The race for Honolulu mayor is heating up, but one potential candidate will not be a part of it.

Despite pulling papers, Honolulu City Council chairman Ernie Martin will not run for mayor.

Martin issued a statement Monday saying he remains committed to serving the community as council chairman and following up on key city issues, including rail and homelessness.

“To step aside for my personal ambitions at a time when these issues continue to demand true leadership would be selfish,” he wrote. (Read his full missive below.)

If Martin had entered the race, he would have challenged incumbent Honolulu Mayor Kirk Caldwell.

Caldwell issued the following statement in response:

“I know it was a difficult decision to make, but I appreciate Chair Martin’s careful consideration and I look forward to working with him over the next two years that he will serve on the Council. We have a number of critical issues before both the administrative and legislative branches on which we will need strong collaboration. The Chair has an important role to play at the Council.”

Meanwhile, former mayor and city prosecutor Peter Carlisle did file his papers Monday morning, taking his oath and signing the necessary paperwork.

“I have been in the mayor’s office before. I’ve never mixed words in terms of I would do this or do that and I delivered when I was supposed to,” he said.

He says he wants to start an individualized intervention program to help get homeless off the streets, and he wants to see to it that the the rail project is completed.

“I’d say the tipping point for me getting back in the race was seeing what was happening in Honolulu Hale, if things were going smoothly. Basically the ship has been floundering for about four years,” Carlisle said.

Tuesday is the deadline to file papers with the Office of Elections. Click here for more information.

Former Lt. Gov. James “Duke” Aiona also pulled papers for the mayoral race, but has not filed.


Read Ernie Martin’s full statement, titled “Making Hard Decisions” below:

Ever since I ran for office six years ago to join the Honolulu City Council, I believed that it was possible to be in politics to do the right thing and not to fulfill a personal ambition. As a father and a husband, I wanted to make a difference for my family and for everyone in my District. I also believe in serving my community and doing what was best for them and I have worked diligently during my time in office to be responsive to everyone while not shying away from making hard and controversial decisions.

When I entered public service over 30 years ago as an assistant groundskeeper trainee working for the City and County of Honolulu, I could never have imagined that my life would take me to serving as the Chair and Presiding Officer of the Honolulu City Council. I feel incredibly blessed and humbled by this journey.
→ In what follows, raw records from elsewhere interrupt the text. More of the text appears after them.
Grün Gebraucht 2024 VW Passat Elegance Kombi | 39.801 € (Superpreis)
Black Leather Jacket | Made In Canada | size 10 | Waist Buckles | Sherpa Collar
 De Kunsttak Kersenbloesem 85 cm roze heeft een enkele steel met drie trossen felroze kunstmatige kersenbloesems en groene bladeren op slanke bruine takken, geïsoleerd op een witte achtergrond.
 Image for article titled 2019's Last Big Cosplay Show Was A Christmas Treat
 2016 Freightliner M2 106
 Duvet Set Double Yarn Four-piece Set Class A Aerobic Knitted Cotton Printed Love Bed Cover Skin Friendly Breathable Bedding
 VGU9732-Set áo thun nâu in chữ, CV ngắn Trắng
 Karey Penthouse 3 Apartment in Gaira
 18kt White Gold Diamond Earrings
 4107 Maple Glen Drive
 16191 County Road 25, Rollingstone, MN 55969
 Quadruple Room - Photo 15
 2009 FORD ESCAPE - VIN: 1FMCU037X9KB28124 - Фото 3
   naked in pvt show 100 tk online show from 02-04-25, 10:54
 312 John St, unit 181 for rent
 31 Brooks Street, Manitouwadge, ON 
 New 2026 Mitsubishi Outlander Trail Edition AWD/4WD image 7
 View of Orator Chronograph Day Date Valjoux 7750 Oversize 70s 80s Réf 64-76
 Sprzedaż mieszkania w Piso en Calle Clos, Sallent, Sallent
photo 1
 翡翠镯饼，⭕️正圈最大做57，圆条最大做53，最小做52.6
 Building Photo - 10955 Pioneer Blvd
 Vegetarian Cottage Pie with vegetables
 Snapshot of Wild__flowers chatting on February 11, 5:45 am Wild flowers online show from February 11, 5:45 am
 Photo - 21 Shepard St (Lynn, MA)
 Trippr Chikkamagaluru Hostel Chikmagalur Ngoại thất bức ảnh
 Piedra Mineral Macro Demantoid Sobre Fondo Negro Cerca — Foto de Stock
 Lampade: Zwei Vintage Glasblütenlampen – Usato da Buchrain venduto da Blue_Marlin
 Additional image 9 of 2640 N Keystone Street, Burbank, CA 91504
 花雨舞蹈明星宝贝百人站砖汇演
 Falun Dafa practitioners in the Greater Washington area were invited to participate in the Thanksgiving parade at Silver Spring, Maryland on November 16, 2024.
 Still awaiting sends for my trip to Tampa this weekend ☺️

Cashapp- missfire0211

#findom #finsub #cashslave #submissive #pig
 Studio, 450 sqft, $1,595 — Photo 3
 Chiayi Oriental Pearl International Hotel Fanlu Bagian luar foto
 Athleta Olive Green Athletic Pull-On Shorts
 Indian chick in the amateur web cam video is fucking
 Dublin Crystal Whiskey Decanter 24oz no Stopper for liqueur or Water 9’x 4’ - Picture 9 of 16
In the last few months I have been reflecting on my journey and what was next for me. Facing the hard question of doing what I felt was right or fulfilling a personal ambition. As I have always done, today, I choose to do the right thing — I will not be seeking the office of Mayor of the City and County of Honolulu at this time and will commit to completing my term on the Honolulu City Council.

I believe that this is the right course of action given the numerous challenges facing Honolulu. As the Chair and Presiding Officer of the Honolulu City Council, I have taken the lead in ensuring that the rail project is accountable to how it spends our money and advocated for innovative and community-based solutions in addressing our homelessness crisis. To step-aside for my personal ambitions at a time when these issues continue to demand true leadership would be selfish.

I firmly believe that I can best serve my community as a member of the Honolulu City Council and continue to lead the City through these challenges in a direct and fiscally responsible manner. While I have great respect for the office of the Mayor, as I have always stated — it is the Honolulu City Council that provides the critical balance in examining the plans and actions of that office and in the absence of solid and substantive initiatives, providing leadership to ensure that the resources of the City are judiciously spent in pursuit of a better future for our people is a responsibility that cannot be abandoned for personal ambition.

In closing, I want to thank my family, friends, colleagues and supporters for their faith and loyalty — you have my commitment that I will continue to honor the privilege that you have given me to serve you as a member of the Honolulu City Council.